Yo no estaba rezando, no rezaba nunca, ni había texto alguno entre mis manos fabricando prodigios metafísicos. El único credo al que estaba adscrito era el cientista-ateísta. “Aquello” que tenía delante no me pidió ni me prometió nada. Sólo se mostró. Descomunal. Glorioso. Omnipotente. Omnisintiente. Siendo todo lo existente: ahí, ante mí… y amándome de una forma casi insoportable.

Años después, estudiando textos de pensamiento místico (o de “meta-Mística”) descubrí que aquella experiencia, absurdamente sobrevenida, la habían vivido otras personas a lo largo de la Historia (dentro y fuera de sistemas religiosos)”.

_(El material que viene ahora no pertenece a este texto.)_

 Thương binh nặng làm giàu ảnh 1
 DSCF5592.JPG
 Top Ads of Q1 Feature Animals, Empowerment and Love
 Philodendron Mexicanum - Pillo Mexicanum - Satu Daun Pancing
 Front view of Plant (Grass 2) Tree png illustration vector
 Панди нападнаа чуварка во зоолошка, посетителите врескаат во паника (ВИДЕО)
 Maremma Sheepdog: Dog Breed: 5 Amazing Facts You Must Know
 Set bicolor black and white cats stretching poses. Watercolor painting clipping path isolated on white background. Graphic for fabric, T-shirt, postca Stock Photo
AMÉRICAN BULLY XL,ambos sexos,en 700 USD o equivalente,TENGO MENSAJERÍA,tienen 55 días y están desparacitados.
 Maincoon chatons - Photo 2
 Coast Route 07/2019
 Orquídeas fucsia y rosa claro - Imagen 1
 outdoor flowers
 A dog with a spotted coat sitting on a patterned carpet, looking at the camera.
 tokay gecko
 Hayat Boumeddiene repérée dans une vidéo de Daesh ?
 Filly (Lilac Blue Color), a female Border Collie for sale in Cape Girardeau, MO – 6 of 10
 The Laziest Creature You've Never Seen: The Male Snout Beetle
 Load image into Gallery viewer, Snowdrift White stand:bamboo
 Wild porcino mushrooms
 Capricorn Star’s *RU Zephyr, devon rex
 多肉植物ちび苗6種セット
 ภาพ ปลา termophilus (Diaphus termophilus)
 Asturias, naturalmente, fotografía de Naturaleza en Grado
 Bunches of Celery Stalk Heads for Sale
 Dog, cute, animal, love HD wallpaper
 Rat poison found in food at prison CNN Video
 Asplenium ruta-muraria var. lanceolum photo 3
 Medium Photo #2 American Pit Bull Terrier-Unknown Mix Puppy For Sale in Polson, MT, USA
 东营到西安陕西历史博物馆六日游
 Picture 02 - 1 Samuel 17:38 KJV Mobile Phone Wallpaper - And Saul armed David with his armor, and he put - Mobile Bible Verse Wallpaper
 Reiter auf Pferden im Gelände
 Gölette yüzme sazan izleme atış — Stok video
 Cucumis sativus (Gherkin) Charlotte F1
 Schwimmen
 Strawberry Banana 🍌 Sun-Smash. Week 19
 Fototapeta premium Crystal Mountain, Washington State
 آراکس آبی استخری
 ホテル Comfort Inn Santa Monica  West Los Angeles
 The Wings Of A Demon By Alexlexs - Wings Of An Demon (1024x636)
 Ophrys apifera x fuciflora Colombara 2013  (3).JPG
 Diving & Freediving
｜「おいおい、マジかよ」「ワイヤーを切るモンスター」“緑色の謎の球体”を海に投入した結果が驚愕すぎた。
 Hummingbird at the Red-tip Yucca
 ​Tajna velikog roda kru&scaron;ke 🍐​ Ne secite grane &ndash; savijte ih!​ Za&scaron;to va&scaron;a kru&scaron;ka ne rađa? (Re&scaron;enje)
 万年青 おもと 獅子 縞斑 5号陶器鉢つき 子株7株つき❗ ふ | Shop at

He subrayado intencionadamente la frase en la que habla de su “único credo”, para que abramos nuestro horizonte ante la gratuidad, la omnipresencia y la libertad del Misterio, que nos sorprende en cualquier momento, sean cuales sean nuestros “credos”, religiones o “ateísmos”.

Me siento completamente reflejado en las experiencias que relata David López, incluso en su necesidad de nombrar como “Alguien” a lo experimentado.

En el relato queda claro que no es alguien “separado” de nada –un Individuo aparte-; sin embargo, eso no significa que sea algo “impersonal”… Trasciende todos los conceptos y categorías mentales. Es, siempre, Más…, es el Tesoro que todo lo constituye, el “Reino de Dios” de que hablaba Jesús.